Keywords: Multiple sclerosis, relapsing-remitting, systemic inflammation, neutrophil-to-lymphocyte ratio, multiple sclerosis severity score, C-reactive protein
Introduction
Multiple sclerosis (MS) is a chronic autoimmune disease in the central nervous system (CNS), where inflammation, demyelination and axonal loss lead to neurological symptoms and varying levels of clinical disability.1 The aetiology is regarded as multifactorial with genetic as well as environmental risk factors.2
Systemic inflammation might cause chronic neurodegeneration and is hypothesized to play an important role in the pathogenesis of MS via production of pro-inflammatory cytokines and the activation of both innate and adaptive immune cells, leading to an inflammatory response within the CNS.3,4
In the search of an easy-accessible biomarker useful for diagnosing MS disease and predicting disease course, several different inflammatory blood biomarkers, e.g. tumour necrosis factor-alpha and interleukin-6, have been investigated, but none have proven to be clinically useful.1,5
The differential count of white blood cells is a widely-used biomarker of systemic inflammation.

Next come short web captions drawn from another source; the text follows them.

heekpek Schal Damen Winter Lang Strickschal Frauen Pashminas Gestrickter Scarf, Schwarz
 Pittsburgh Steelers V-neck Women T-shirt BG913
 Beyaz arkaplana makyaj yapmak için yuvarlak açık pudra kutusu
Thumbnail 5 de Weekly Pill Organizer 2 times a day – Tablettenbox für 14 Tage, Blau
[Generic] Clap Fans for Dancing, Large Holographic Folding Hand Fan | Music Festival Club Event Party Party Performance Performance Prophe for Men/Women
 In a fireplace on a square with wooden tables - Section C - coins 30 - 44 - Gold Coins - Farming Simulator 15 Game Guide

Findings of neutrophilia and lymphopenia in response to for example bacterial infections or cancer, has led to the investigation of the neutrophil-to-lymphocyte ratio (NLR) as a biomarker that might reflect systemic inflammation better than the neutrophil or lymphocyte count alone.6
NLR has been linked to autoimmune diseases such as rheumatoid arthritis7 and chronic inflammatory bowel disease.8 An association between increased NLR and MS was found in some previous studies, whereas the results regarding a possible association between MS disability and NLR are inconsistent.4,9,10
C-reactive protein (CRP) is a more thoroughly investigated biomarker of systemic inflammation than NLR. CRP is an acute-phase protein synthetized in hepatocytes and released to the blood in response to infection, inflammation and tissue injury.11
The aim of this large Danish case-control study was to investigate whether a high NLR is associated with MS and whether NLR is useful as a biomarker predicting MS. Furthermore, to examine if NLR or CRP correlates with MS disability, as measured by MS severity score (MSSS) at the start of the very first disease modifying treatment (DMT), and to investigate the association between NLR and CRP in MS patients.
Methods
Design
The study is a retrospective case-control study comparing MS patients with healthy controls.
Patients
We targeted all patients from the Danish Multiple Sclerosis Center at Copenhagen University Hospital included in the Danish Multiple Sclerosis Biobank, who fulfilled the McDonald criteria 2005 and 201012,13 or the Poser criteria for relapsing-remitting MS (RRMS) and had started their very first DMT with interferon-beta (IFN-beta) within the period June 1996 to January 2013. Among the about 12,500 MS cases in Denmark in 2013, 6791 had been treated with IFN-beta as their first DMT. Of these 29.9% were enrolled in the Danish Multiple Sclerosis Biobank.
Controls
The control group consisted of healthy Caucasian Danish blood donors living in Greater Copenhagen, who were recruited through the Danish Blood Donor Study14 in the period October 2011 to May 2014 from five major blood donor locations. This recruitment has been more thoroughly described elsewhere.15
Blood tests
We obtained cell counts of neutrophils, lymphocytes and CRP for the patients from the Department of Clinical Biochemistry at Copenhagen University Hospital, Rigshospitalet. We used the last blood test values from just before commencement of their first DMT, excluding blood tests taken within 40 days after start of short-term steroid treatment for relapses. Counts of neutrophils and lymphocytes from the blood donor controls were collected from the Danish Blood Donor Study as a standard procedure in connection with the bloodletting.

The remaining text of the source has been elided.